DUTCHTOWN — Dutchtown’s defensive backfield cycled through alignments Wednesday afternoon, one voice more audible than anyone on the practice field. Strong safety Coney Durr pointed and yelled calls as other teammates moved across the formation at his command.
Just adjacent was Ricky Thomas, bent over quietly with arms at his side, waiting for the slap of the ball that signaled the beginning of drill and his task to keep cover on the scout team receiver.
“Always kind of been a talkative guy,” Durr saidd. “Ricky’s more of a quiet guy. He’s a guy you don’t have to really tell him what to do. He knows what he has to do. I’ve been that guy that always talks a lot.”
Safeties Justin Reid and Alonzo Carrington departed to Stanford and Minnesota, respectively, leaving Durr and Thomas as the leaders in Dutchtown’s defensive backfield — just as their predecessors foresaw.
“It’s y’all’s time now,” Reid and Carrington told the rising seniors last season.
“They prepped us up, worked with us and even showed us the ropes of being a leader,” Thomas added.
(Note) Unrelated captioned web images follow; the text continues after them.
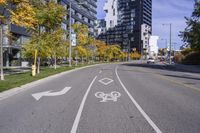 Modern Architecture on Urban Highway in Toronto, Ontario, Canada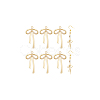 8Pcs Brass Micro Pave CLear Cubic Zirconia Pendant
s FIND-BC0013-56-7
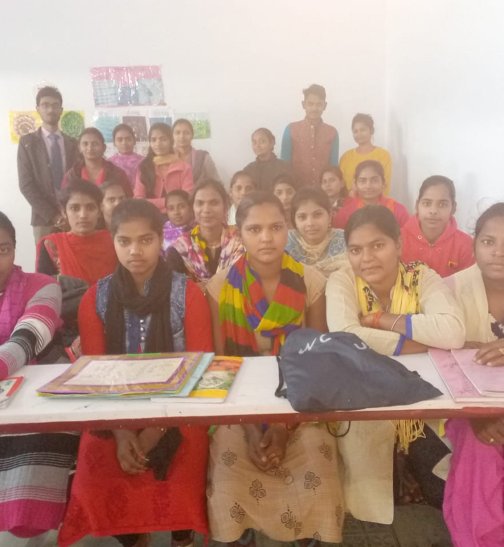 Students in class room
Each now starting for the third straight year, Durr and Thomas haven’t caught any coaches or opposition by surprise. Their talent and versatility has always been unquestioned — Durr so much so that Griffins coach Benny Saia slid him to strong safety after two yeas at cornerback.
It’s been the leadership that’s evolved, according to Saia, who said the roles have come intuitively to lead a defense that’s surrendered 14 or fewer points in five of their past six games and eight or fewer in two of their past three.
“Besides being great athletes, (they provide) great leadership,” Saia said. “They were starters last year, they were the corners, and the other two guys (Carrington and Reid) were the safeties. They were very valuable last year, so it wasn’t like a new role for them. Seniors just kind of take that leadership role.”
Their leadership will be crucial in Friday’s district showdown with a torrid Catholic High offense at Olympia Stadium that’s scored 97 points in its past two games during a six-game winning streak.
Showcasing more balanced production between LSU target Clyde Edwards-Helaire out of the backfield and quarterback Ian Brian’s ability to spread the ball to his many receivers, the Bears offense could provide the Griffins their most difficult test to date.
Add to that Catholic’s trademark reliance on being a disciplined group that thrives on fundamentals, and any defensive lapse could prove costly in Dutchtown’s pursuit to keep an unblemished district record.
“Any coverage busts, mistake, wrong fit in the gap, will cost us a touchdown,” Durr said. “We have to be on our ‘Ps and Qs’ and execute our gameplan. It starts with the whole team, from the D-line to the secondary to the linebackers.”
Enter the leaders.
“I take a lot of pride because to be a leader is the best because it’s not going to be just anybody being a leader for this Dutchtown defense,” Thomas said. “(Catholic) came out on top last year. We got to get ’em back.”